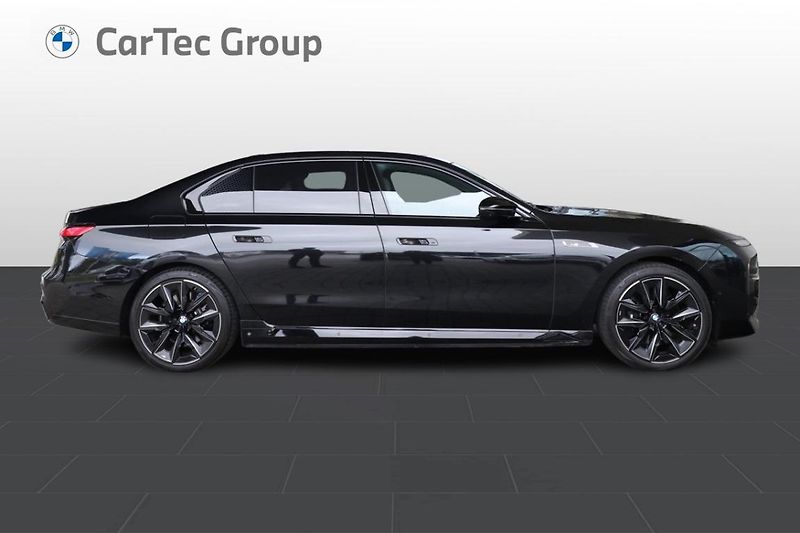 BMW i7 M70 - fotka 4 z 38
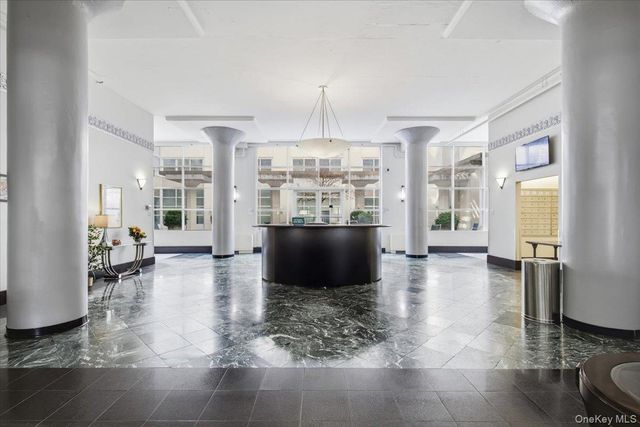1 Landmark Square 327, Port Chester, NY 10573
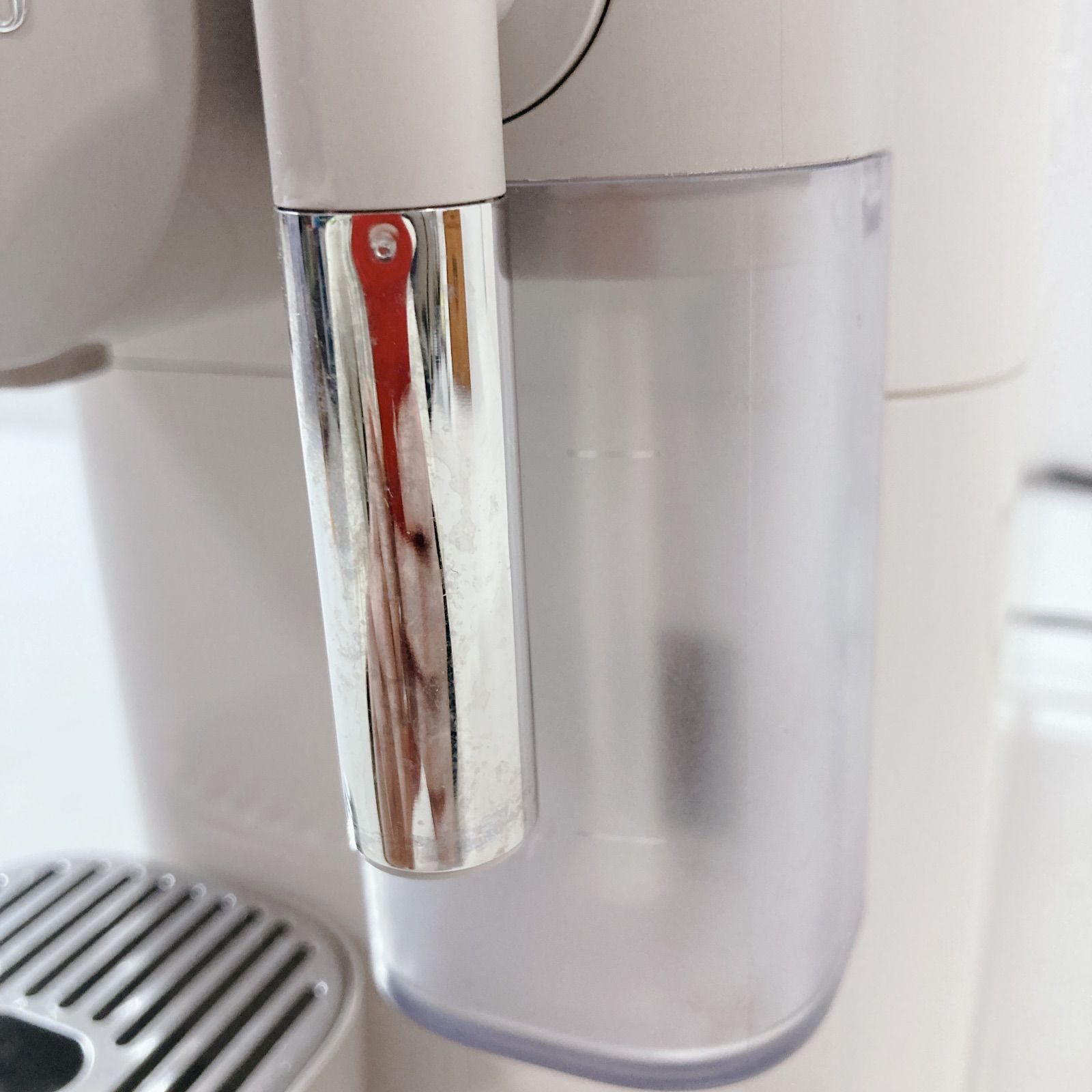 ネスプレッソ・コーヒーメーカー ラティシマ・ワン F111 2020年製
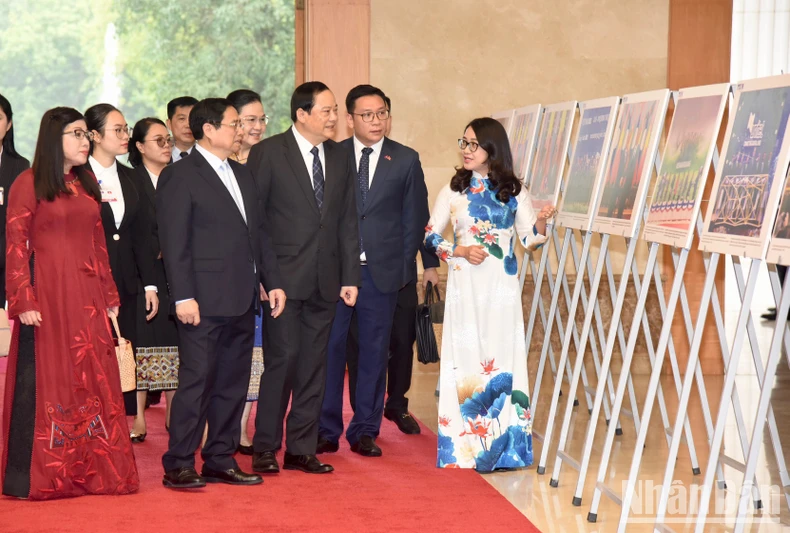 [Ảnh] Lễ đón Thủ tướng Chính phủ nước Cộng hòa Dân chủ Nhân dân Lào Sonexay Siphandone và Phu nhân ảnh 5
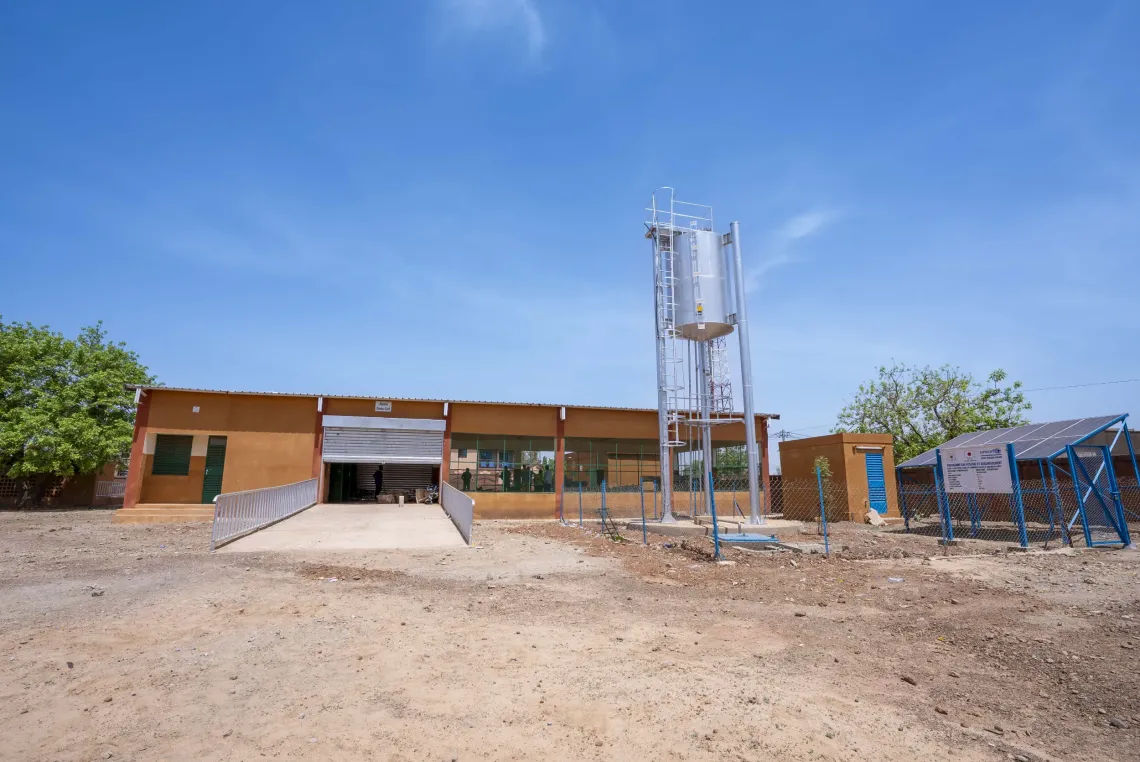 The colleges are also equipped with autonomous water points (PEA), inclusive sanitation facilities, separate for girls and boys.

################

*TASK BRIEF*. Exactly the lines from the one that contains "1 Landmark Square 327, Port Chester, NY 10573" through the final line of the records above are needed, given again word for word, with every picture left out.

*EXERCISE SOLUTION*.
1 Landmark Square 327, Port Chester, NY 10573
 ネスプレッソ・コーヒーメーカー ラティシマ・ワン F111 2020年製
 [Ảnh] Lễ đón Thủ tướng Chính phủ nước Cộng hòa Dân chủ Nhân dân Lào Sonexay Siphandone và Phu nhân ảnh 5
 The colleges are also equipped with autonomous water points (PEA), inclusive sanitation facilities, separate for girls and boys.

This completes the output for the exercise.